Me apetecía esta tarde no moverme de mi mariapalito, donde hace mucho tiempo no me sentaba. Estoy frente al mar. Y, cuando esto lean, habrán pasado unos días. Pero en el horizonte del recuerdo, todavía, yo estoy disfrutando de un atardecer inolvidable: pintadas en el cielo las nubes con arreboles de Obregón pareciera que se mueven con más ritmo que nunca en este anochecer frente al mar en las playas salgareñas.

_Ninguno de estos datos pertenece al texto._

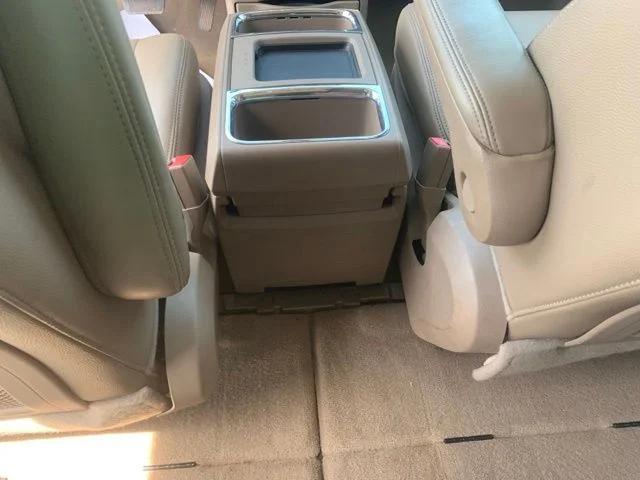 2015 Chrysler Town & Country Touring-L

En el tocadiscos, Joan Manuel Serrat está cantando que nació en el Mediterráneo y quizás porque su niñez sigue jugando en la playa: “escondido tras las cañas duerme mi primer amor. Llevo tu luz y tu olor por donde quiera que vaya/ y amontonado en tu arena guardo amor, juegos y penas/ si un día para mi mal, viene a buscarme la parca empujad al mar mi barca/ y a mí enterradme en la arena/ en la ladera de un monte más alto que el horizonte/ quiero tener buena vista/ y mi cuerpo será camino…”.
Tal vez el mejor destino que podemos tener cuando ya solo somos polvo. Sobre todo ahora que, o por economía o por espacio, no es tan fácil obtener una tumba.
Ustedes dirán que me he levantado macabra. Pero no, los que hemos nacido en el mar Mediterráneo, como los que han nacido en esta orilla de ensueño, rincón caribe y colonial, siempre llevaremos en la piel el olor, la luz y el sabor que, al igual que en el Mediterráneo, en este Atlántico bendito, también han atracado cien barcos y guardan el sabor amargo de la sal entre las espumas de sus orillas donde amontonan amor, juegos, penas, nostalgias, de tantos barcos y tantos corazones que han llegado y siguen llegando a nuestra América bendita.
El mejor destino cuando sabemos que, irremediablemente, acabaremos siendo polvo.